スマホの電源ボタンを押して時刻を確認し、そう呟いた。液晶には21:40とある。
繁忙期でもないのにどうしてこんな時間に帰宅しているのか。仕事が出来る可愛らしい同期は私より3時間も早く退社していた。
恵まれている人間と恵まれていない人間、区分はたしかに存在している。

この調子で帰宅すれば、恐らく夕飯を作る気力などないだろう。冷凍してあるご飯があったような気がするから、22時まで開いているスーパーに駆け込んでお惣菜を買えばいい。

はあ、と深い溜息を吐き出しながら、重たい足取りでヒールを鳴らす。
明日は何か特別な業務内容があっただろうか。鞄からスケジュール帳を取り出しページを捲ると、納期の近い仕事がいくつか見られた。

明日の朝早めに出社をするか、夜残業をするか。どちらにせよ休息には未だ手が届きそうにない。歩きながら右のこめかみを撫でる。

そうして近道である公園を通り抜けようとした時、それは起こった。

「あっ」
『……え?』

なんの前触れもなく突然、視界いっぱいに飛び込んでくる露草色。
あ、綺麗。そう思った時にはもう遅かった。
暗闇に映える美しい赤橙に目を奪われているうち、私とそれとは果たして正面衝突を余儀なくされる。

驚きと混乱で身体が固まったのも一瞬のこと。
バランスを崩した私は、尻もちをつく形ですぐ真後ろに倒れ込んだ……かのように思われた。

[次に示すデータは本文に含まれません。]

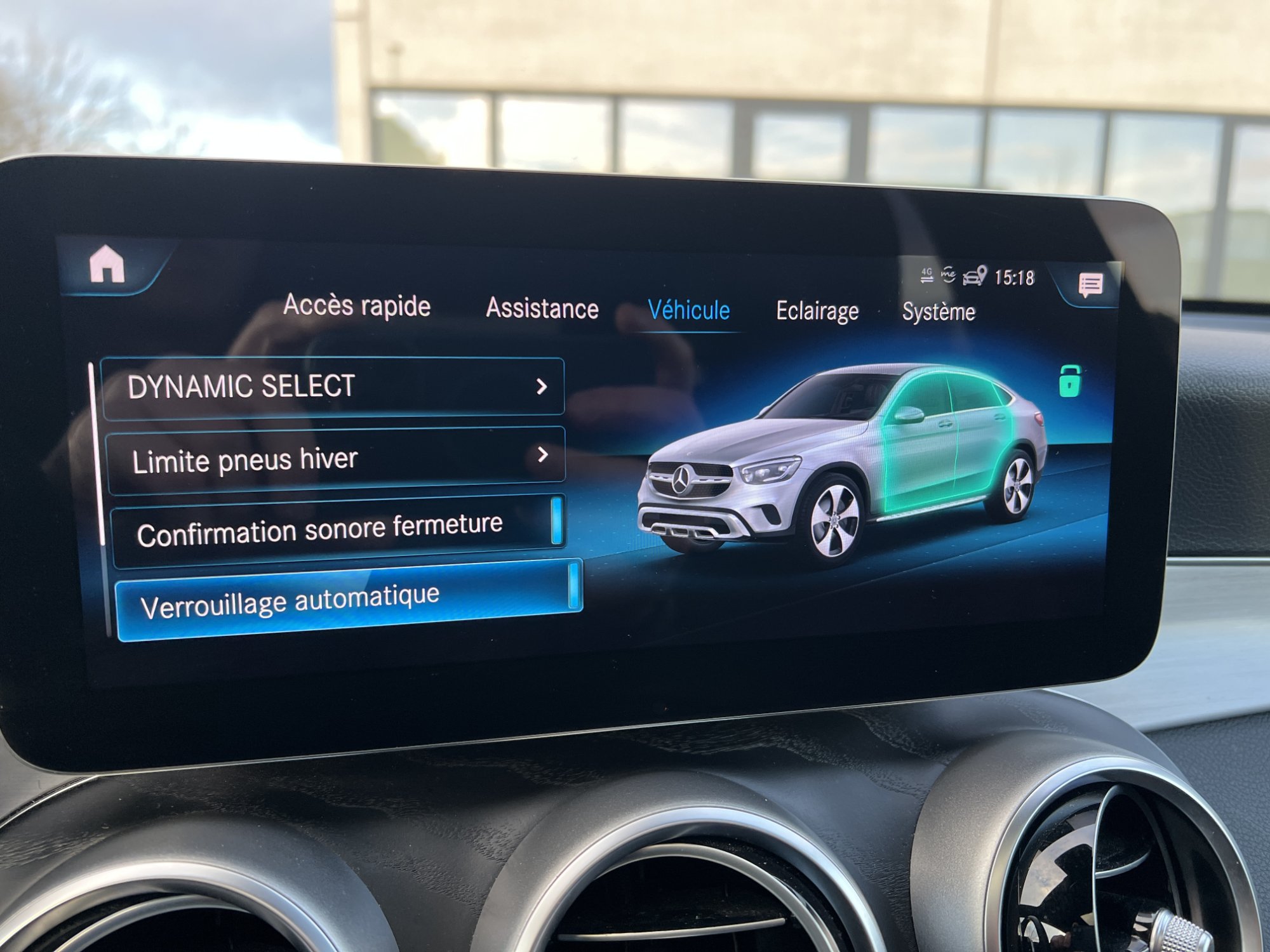 2021 Mercedes-Benz GLC   AWD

咄嗟にぎゅっと目を瞑るが、待てど暮らせど覚悟した衝撃は訪れない。
不思議に思って恐る恐る目を開けると、先程の赤橙が目前まで迫っていた。驚いて声を上げれば、その未確認生物は一瞬だけきょとんとしたのち、目尻を下げて笑った。

「ごめんね〜。人がいるの、気付かなかった」
『い、いえ……こちらこそ……』

……ゆ、ゆるい。
あまりにゆるすぎて、初対面であることを忘れそうだ。どこかで会ったことがあるだろうか。こんなに変わった瞳の持ち主ならば、そうそう忘れるはずもないとは思うのだけれど。

「大丈夫?けがはない?」

そう問われて初めて、彼の右手が私の背に回っていることに気が付いた。左手は私の右手首を掴んでおり、傍から見れば社交ダンスの基本姿勢のようだろう。

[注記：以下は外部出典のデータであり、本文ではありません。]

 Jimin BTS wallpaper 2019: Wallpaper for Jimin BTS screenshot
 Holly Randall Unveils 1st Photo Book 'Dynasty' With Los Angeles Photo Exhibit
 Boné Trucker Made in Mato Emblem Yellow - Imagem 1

私は思わず肩を跳ね上げ、ひゃあ!と素っ頓狂な声を上げた。なにするの、と叫びそうになり、はっとする。
彼が支えてくれたから倒れなかったのだ。この場面で発すべきは憎まれ口ではない。

『す、すみません。おかげさまで無傷です』

言い直しながら逃れるように顎を引けば、彼はごく自然な動作で私を解放する。
冷静になってきた頭で考えると、どうやら公園から飛び出してきたらしい彼と出会い頭にぶつかってしまったようだった。私も私で暗い中スケジュール帳を眺めていたのだから、非はお互いにありそうだ。

と、そこまで考えて、そのスケジュール帳が手元にないことに気がつく。
足元に視線を落とすと大量のメモがそこら中に散らばっていた。ぶつかった拍子に落としてしまったらしい。
何でもかんでもスケジュール帳に挟むのをやめなければ、と思っていた矢先にこれだ。またしてもついていない。

かき集めようとしゃがみ込むと、どういうわけか目の前の男性も同じように拾い始めるものだから、私は思わずえっ、と洩らした。

『あ、あの!大丈夫です!』
「うん?」
『ひとりで、大丈夫です。急いでるんじゃないですか?』

おずおずと訊ねる私に首を振ってから、彼は猫を追いかけていただけだと言った。猫?

「みんなで遊んでたんだ。ここ、猫さんたちの集会所なんだよ」
『しゅ、集会所……?』
「二丁目のたなかさんが毎日ごはんくれるとか、森に野犬が出るから気をつけろとか、いつもそんな話してる」
『えっ?猫の言葉が分かるの?』
「うん。分からないの?」

まるで当然であるかのように問い返されて、私は一瞬たじろいだ。え、だとかう、だとか単語にすらなっていない音を発して、最終的には躊躇いがちにただ頷く。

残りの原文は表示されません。